No, it gets less abuse than you suspect…..I just painted mine again, you’d really have to do a bum job to introduce out of balance. No clear coat either, just 2k paint for me.
 
If it were me, I'd wait until the rest of the plane is ready for paint. There are SO many things needing to be done to get the plane ready to fly and to go through Phase 1, so I'd focus on those first. You're going to spend a lot of time and effort to shoot paint on one small part--and your vision of a paint scheme may change between now and when you decide to paint everything.

Just my two cents, as you can obviously do what makes you happy.
 
Painted mine with a good can of rattle. No issues what so ever. as far as bugs go I think the wings and cowl take the biggest beating.
 
Last spinner I painted on our Bush plane was done with it sitting on a table lazy-Susan and rattle-can paint. Quick, easy, looks fine, and doesn’t even collect that many bugs (are they flung of the surface by rotation? Who knows…..).

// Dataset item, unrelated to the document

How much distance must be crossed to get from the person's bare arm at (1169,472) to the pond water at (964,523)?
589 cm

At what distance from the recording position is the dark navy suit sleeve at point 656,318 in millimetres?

Currently having a new spinner painted for our RV-3 by renowned artist John Stahr (to match the existing paint job on the airplane) - that is a bit more extensive, with base, airbrush art, and clear coat.
 
I have a carbon fiber spinner from Catto that looks beautiful except for the small blush I gave it when I dropped it admiring how beautiful it was! As said, it rarely gets bugs on it and almost never needs to get washed.
 
I painted mine on a lazy-susan also. Put a short 4x4 upright on the lazy-susan and perched the spinner on it. Beats trying to run in a circle around your spinner.
Did it with my HVLP gun with the fan turned sideways. You have to rise up as you make a pass so that you keep the gun roughly perpendicular to the surface to be able to spray down on the nose of the spinner as you finish each pass
Do not succumb to the temptation to spin the lazy-susan as you are making a pass. Make a vertical pass, turn the lazy-susan, and make another pass.
 
This may sound redneck but my spinner painting setup is a piece of 3 inch pvc pipe sticking out of a cheap 5 gallon bucket. A little bit concrete in the bottom holds the pipe and gives the whole thing some mass so it doesn’t tip over.
 
Five gallon paint bucket. Put some water in it to ballast it. Jam the spinner over the lid. I set the bucket on a stool for height.